ACTRIMS 2020: Post-Conference Perspectives - Episode 10
Clyde E. Markowitz, MD: The standardized MRI [magnetic resonance imaging] protocol that has been evolving over the last decade for the most part has given us the capability to try to get patients close to standardized sequences that are used. Because 1 of the things we use MRI for these days is not just the diagnosis of MS [multiple sclerosis] but as a marker of disease activity over time.
We want to be able to say that if we’re going to use it for purely the purpose of a diagnosis, you need to have sequences for that. At least for that you must have an axial and sagittal FLAIR [fluid attenuated inversion recovery] image. You want to be able to do this with very thin slices. It used to be 3-mm requirements, and now we’d like to get it down to 1 mm with no gaps and be able to have continuous information, so you’re able to see and not miss lesions that could be in important areas like the corpus callosum, for instance.
That is a requirement. They have core requirements, and they have some supplemental things you could add to this. Another thing that is particularly important is the use of gadolinium. I think overall, the use of gadolinium has generated a concern for potential toxicities, both the renal toxicity, which we had known about, and now there may be a toxicity with deposition in certain areas of the brain.

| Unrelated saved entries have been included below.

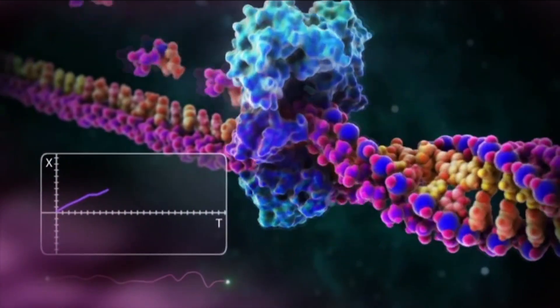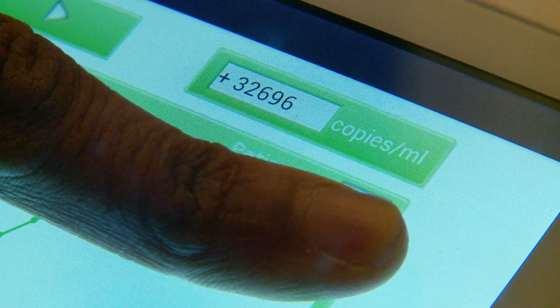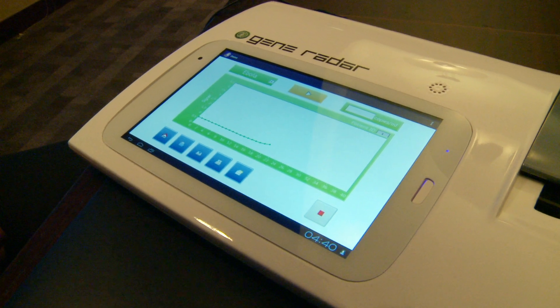The company is one of several now racing to introduce more efficient mobile solutions to virus scanning, which could cut costs for some conditions by up to 99 percent.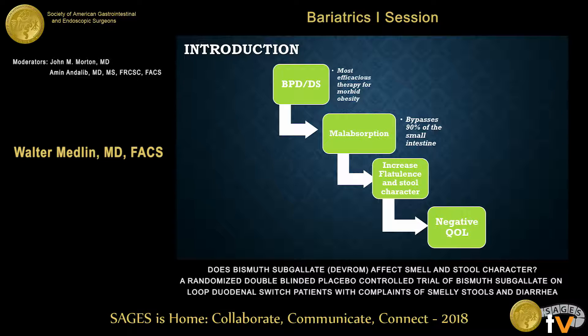Bottom line is that bismuth sub-gallate has been studied mostly in ostomates, and that's where it was developed in the 50s and 60s. It's FDA-approved and over-the-counter. It's never really been studied extensively in bariatric surgery, but a lot of patients do have that complaint. They tend not to talk to their physician about it — it's one of those sort of unmeasured and under-appreciated issues.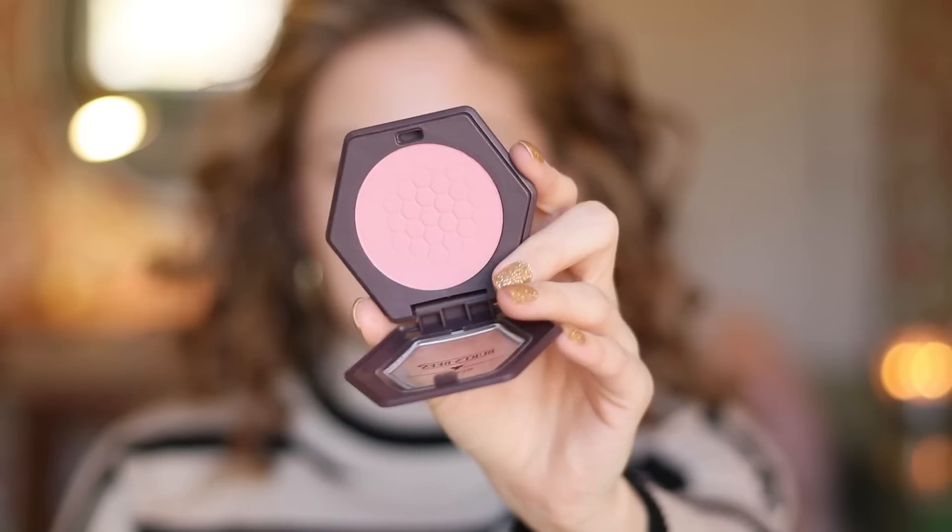This first one is the Burt's Bees Blush. I've actually tried this before, but I was recommended the shade Shy Pink. I used to have Toasted Cinnamon when that one was super viral, and it just wasn't the right shade for me, so I didn't love the blush at the time. I am on a no-buy, but I've been wanting this one for a while — it's been on my list. I saw Stephanie Leda using this color in a video and it was so pretty, so I did break my no-buy for this one.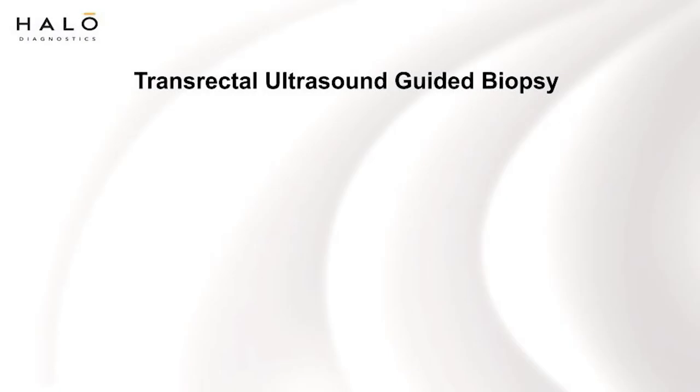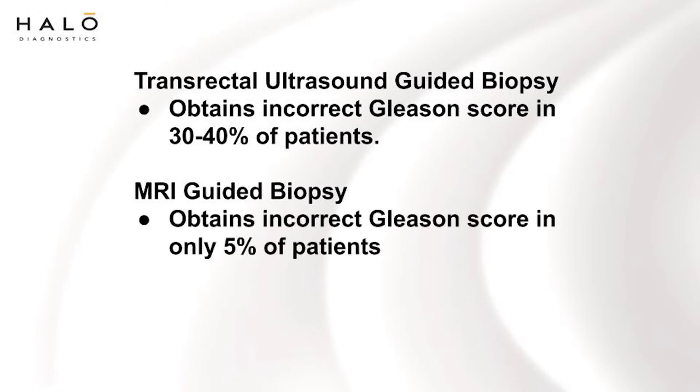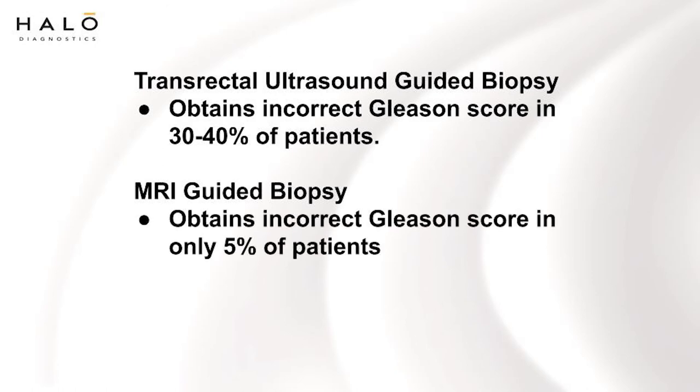The old transrectal ultrasound-guided biopsy gets the Gleason score incorrect in 30 to 40 percent of patients. Using MRI to target the biopsy, the Gleason score is obtained incorrectly in only 5 percent of the cases.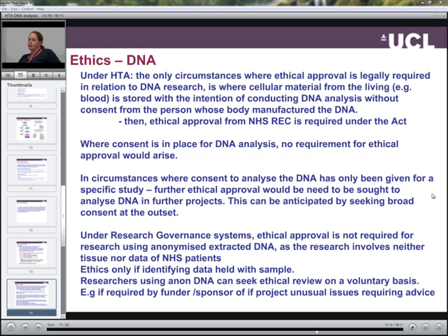Under the research governance systems, ethical approval is not required for research using anonymised extracted DNA, as the research neither involves tissue or data from NHS patients. Ethics would only be required if identifying data is held with a sample. Researchers using anonymised DNA can seek ethical review on a voluntary basis, for example if the funder or sponsor of the project required this as part of their approvals.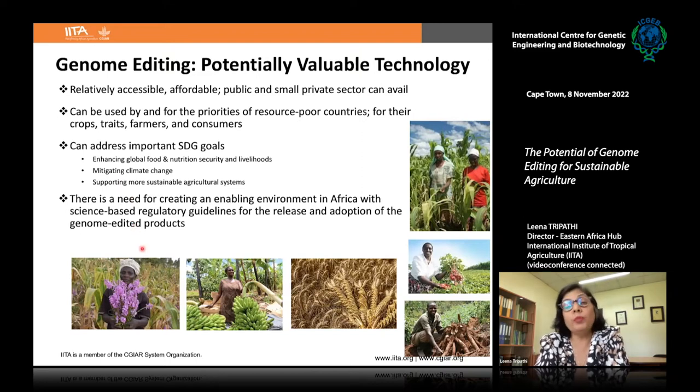To see its full potential, there is a need for creating an enabling environment — particularly in Africa — with science-based regulatory guidelines for the release and adoption of genome-edited products. In Kenya, projects are underway on Striga-tolerant maize, virus-resistant maize, drought-tolerant maize, banana, cassava for virus tolerance, and disease-resistant potato.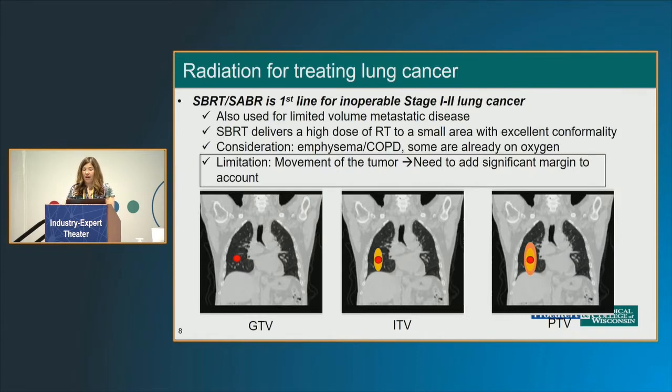SBRT or SABR is first-line treatment for inoperable stage 1 or stage 2 lung cancer. It's also frequently used for other malignancies which have either spread to the lung, or lung cancer which has metastasized when there's a focal spot. SBRT is convenient for many reasons — you can give a really high dose of radiation treatment to a small area with excellent conformality. That's especially important for these patients, as many of them have COPD or emphysema and some may already be on oxygen, so we want to spare as much lung as we can.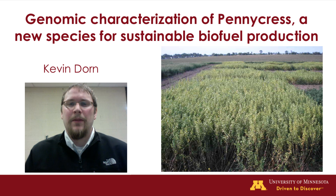Hello, my name is Kevin Dorn. I'm a graduate student at the University of Minnesota in the Department of Plant Biology. I work with doctors David Marks and Don Weiss. As part of the Forever Green initiative, our group is working towards innovative agriculture that builds our local economy and protects our environment. We're doing this by developing genetic and genomic tools for a new crop species that can be used to strengthen current agricultural practices.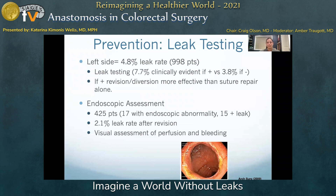Leak testing is a basic tenet of left-sided anastomosis, and reaction to a positive leak test will reduce the likelihood of a clinically evident leak from a reported 7.7% to 3.8%. The choice of surgical intervention favors anastomotic revision and diversion over suture repair alone, but judgment should be applied, especially in the low colorectal anastomosis where revision may not be technically feasible. There is value in endoscopic assessment in combination with traditional insufflation leak testing, as demonstrated in a prospective review of 425 patients, where 15 of 17 patients with an endoscopic abnormality had a positive air leak test, with a reduction in the leak rate to 2.1% after revision.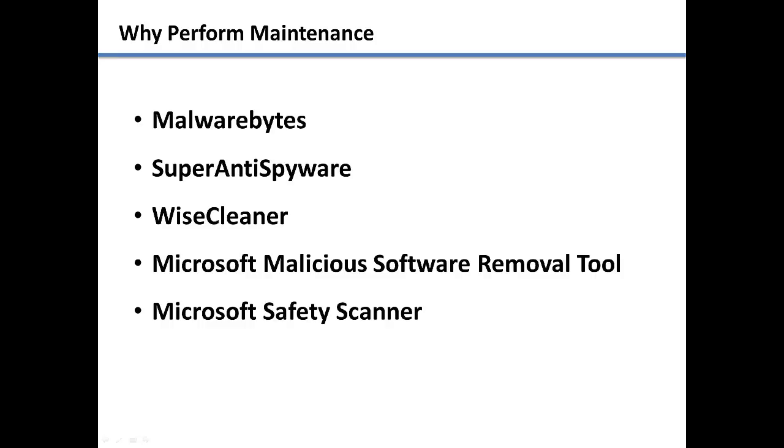If you are not using Microsoft Security Essentials for your antivirus, I also recommend that you download the Microsoft Malicious Software Removal Tool or Microsoft Safety Scanner. In the next couple of videos, we will discuss how to use these applications to keep your computer running smoothly.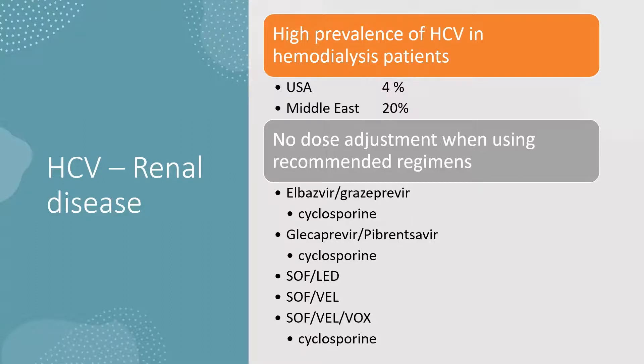We need to be aware of drug-drug interactions in patients taking certain immunosuppressants — in particular, cyclosporine. But in patients who aren't on cyclosporine or other medications that could have interactions with the DAA therapies, it's safe and effective to use these treatments in patients with kidney disease. In fact, it should be encouraged in most patients.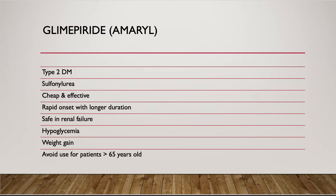The major side effects of glimepiride are hypoglycemia and weight gain. Therefore, patients should watch out for hypoglycemia symptoms and adjust their diet, as well as trying to exercise at least 30 minutes every day to maintain a healthy weight. Lastly, glimepiride should be avoided in patients over 65 years old due to hypoglycemia side effects.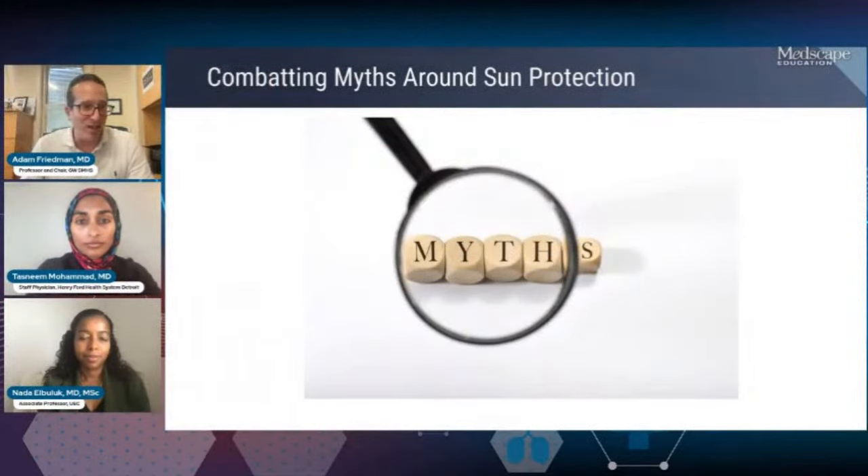I think this is the biggest challenge: getting individuals to repeatedly use a sun protective measure like sunscreen, given all the myths and misperceptions out there. What is the most common myth you hear from patients that limits their ability to get on board with this recommendation?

Because of that, it’s really more important to use gadolinium as a diagnostic piece, but maybe not so much as a monitoring piece over time, unless indicated. We’re trying to reduce the amount of gadolinium use in that setting. In addition to that, now we’re going to go ahead and use it to monitor for disease activity. We know that clinical activity may show up at a much smaller frequency than MRI activity, so we want to be able to capture any disease activity as soon as possible. In doing so, we want to have a standardized protocol for that.
The challenge we have in the MS community is that they’re upgrading machines all the time, software packages are different, the strength of the magnets are always an issue, and patients’ insurance coverage changes from 1 day to the next. You can use this place, or you can use that place. It makes it really hard to be able to follow an individual patient over time because of these differences in all these pieces that move around.
Make sure patients get the proper sequences for follow-up and alignment. The alignment is key because if you’re going to say you need to align the patient’s head between these 2 points, no matter where you get that scan done—and make sure you have them done with no gaps, thin slices—you might actually be able to use it from other sites. But everybody has to get on board with that because in 1 person’s scan if they made an alignment like this and another 1 is like this and there’s a lesion that’s missed within that conversation, that could be important. Coming up with the most updated protocols for standardizing MRI scans across multiple radiology facilities is going to be really important for us to be able to monitor our patients adequately.
I would love to be able to have radiologists adhere to this. I think that there has to be a strong enough statement coming out from the MS community that this is a requirement. It is not just a good idea. If you’re going to have a standardized protocol such that this is how we use this information to monitor our patients on treatment, you’ve got to follow these guidelines. It’s just the way it is. There’s no wiggle room in that conversation. It’s standardized and you’re going to have to follow this. It’s not that difficult. It’s just that we have to get that message to all the radiology sites, to the radiologist, that this is what is required and needed by the MS community to adequately follow patients.